Arlene Dickinson from Dragons’ Den in Red Deer: reinvent yourself through recession

Arlene Dickinson from Dragons’ Den in Red Deer: reinvent yourself through recession

Arlene Dickinson still remembers the time she got a strawberry milkshake dumped on her head, not too far outside of Red Deer, when she was about six.

Dickinson, at the time, was in the backseat with her family. They were broke and driving a car that was on its last legs during winter, moving from Edmonton to Calgary.

She and her two sisters were fighting in the backseat, and the father pulled into Red Deer for milkshakes and gas.

Red Deer was a much smaller community then, known as the stop between the two major Alberta cities, Dickinson, of Dragons’ Den’s fame, recalled at a luncheon in Red Deer on Monday.

More than 300 people attended the Lending Cupboard’s fundraising event to raise money to provide equipment for those recovering from illness or surgery, for end-of-life care, extreme sport injuries and seniors.

That memory is etched in Dickinson’s mind. The girls, in their matching pink sweaters that their mom had knitted, continued to fight.

The father, at his wits end, dumped the milkshakes on their heads, to stop them from bickering.

At the luncheon, Dickinson spoke about reinventing yourself, something she has had to do a handful of times when life got tough: to save her business during the 2013 southern Alberta floods and when she got divorced.

Her advice to those trying to do the same thing in this downturn, whether it be with their businesses or their lives: assess yourself, find what you’re good at – your currency, find your core purpose – and discover what’s going on around you. Take stock.

“Today, in this community, in Alberta, the reality is dim, but isn’t that exactly the opportunity to reinvent? Isn’t that exactly when we can take stock of who we are and what got us here?

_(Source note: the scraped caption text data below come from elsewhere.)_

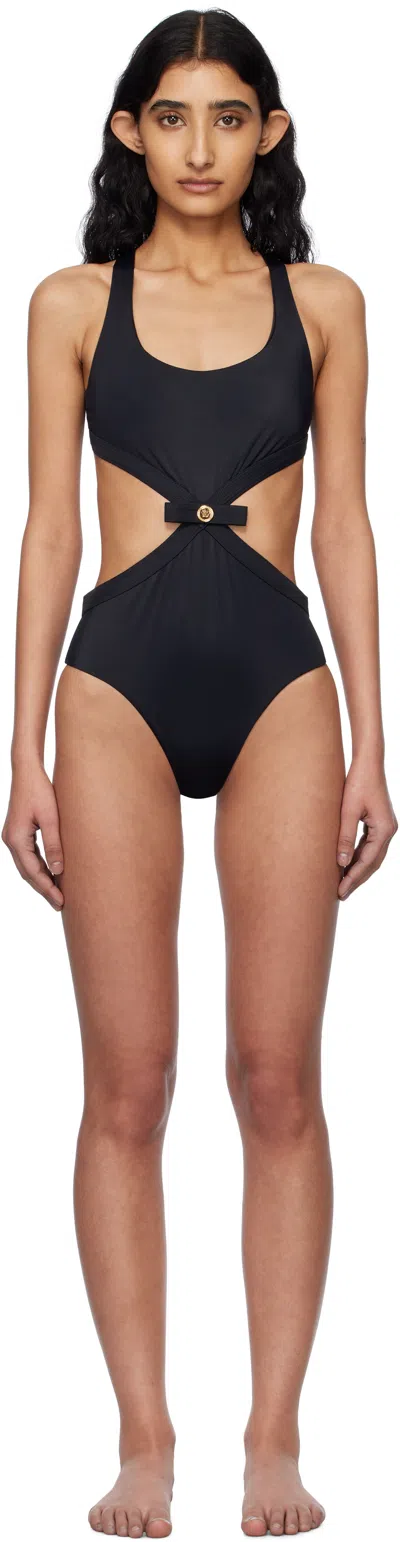 Versace One-piece Swimsuit By In Black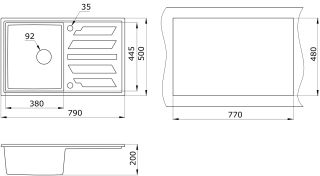 Мойка кухонная Granula GR-8002 графит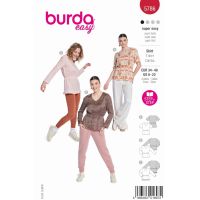 Strih Burda 5786 - Tričko s gumou v páse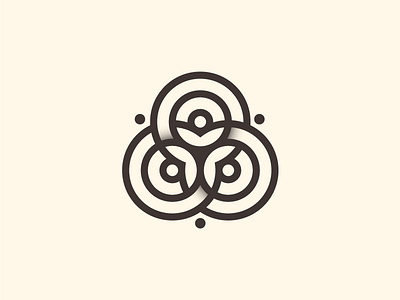 Spare Logo brand celtic circles icon leaves line art logo logos mark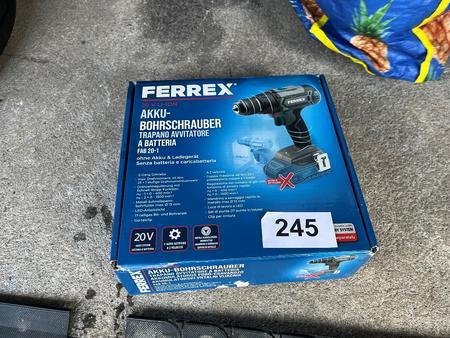 Ferrex Akku.Bohrschrauber Typ FAB 20-1, ohne Akku und Ladegerät Ferrex Akku.Bohrschrauber Typ FAB 20-1, ohne Akku und Ladegerät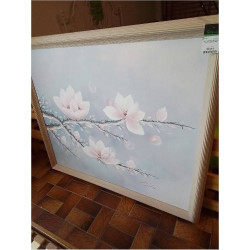 HUILE SUR TOILE MAGNOLIAS...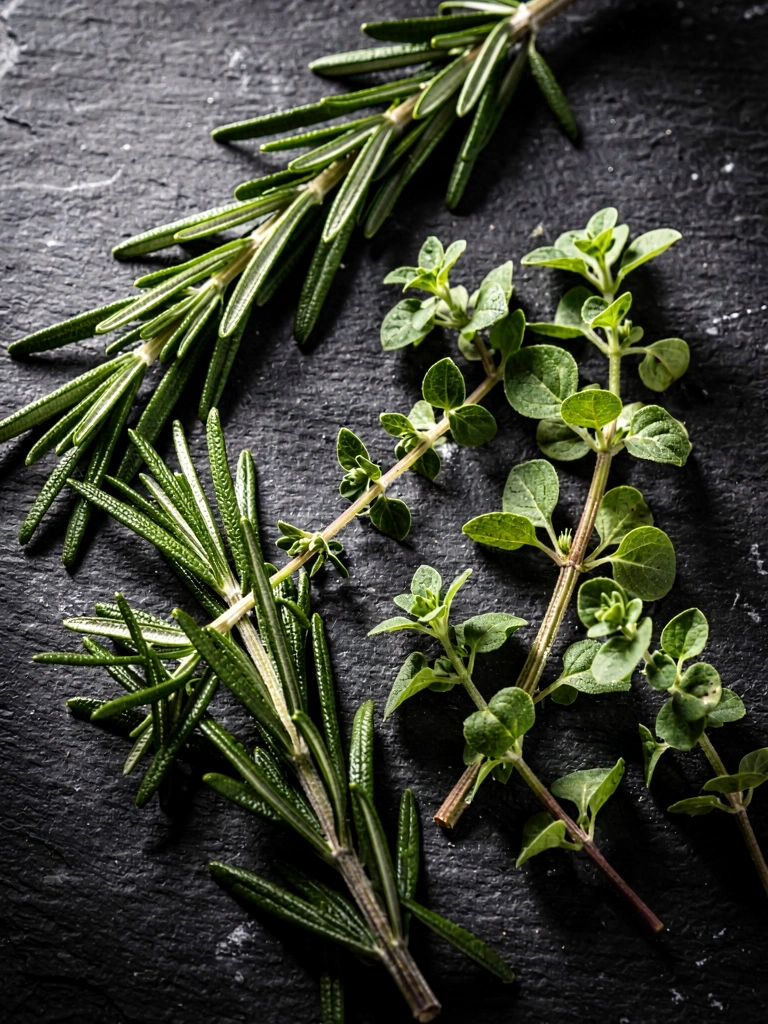 Φρέσκα βότανα και πρώτες ύλες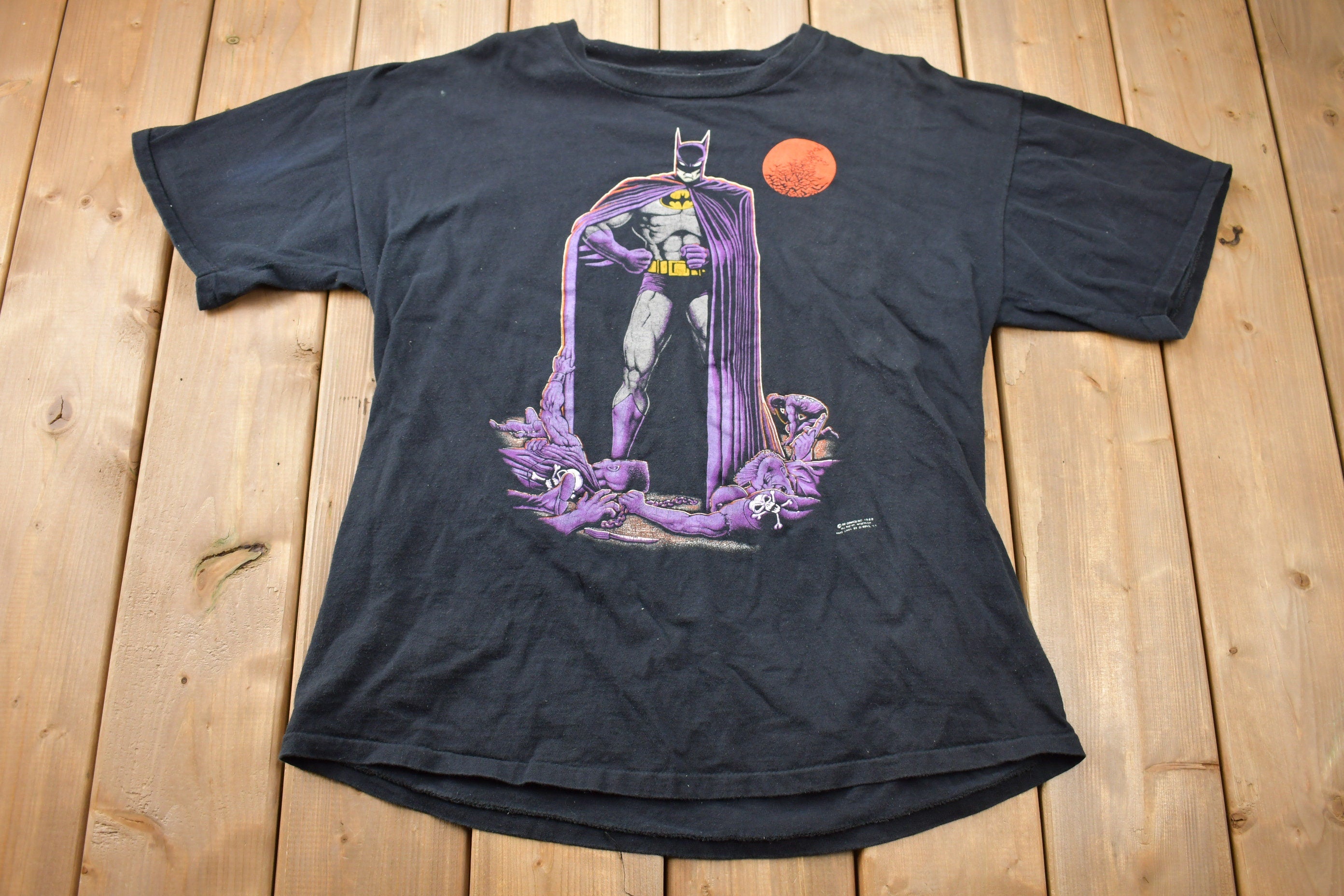 Vintage 1988 Batman DC Comics Graphic T-Shirt Single Stitch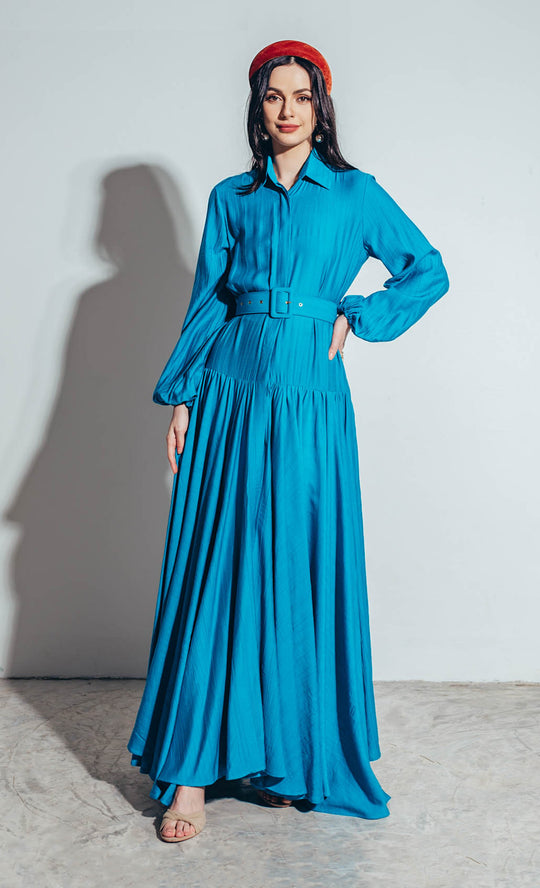 Alisha Shirtdress in French Blue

“What’s going on around the world around us? What we’re really good at? What our purpose is in Alberta? That doesn’t mean leaving oil and gas. That’s not what I’m saying. But it’s thinking about what the future looks like in the context of what we’re good at,” she said.

She reminded Red Deerians to be grateful and let the anger go: because we woke up in the best city, best country in the world this morning, she said.

“And the idea of separating, the idea of trying to use anger and divisiveness to try and build something is foreign to me. I don’t understand that. Nothing ever good comes from hatred and anger and not being able to see each other’s points of view,” she said.

Don’t let recession stop you, she said to those with an entrepreneurial spirit: because businesses probably do better through the recession, and they’ll also do better after the recession, she said, speaking from her own business experience with Venture Communications.

Dickinson is known for being on CBC’s Dragons’ Den. She is also a Canadian entrepreneur, an investor, and is known for her philanthropic work, and for her book, Reinvention: Changing Your Life, Your Career, Your Future.

The Lending Cupboard Society board chair, Bradley Williams, said events such as the luncheon are important for the agency, because demand continues to grow for medical equipment and daily living aids available through them.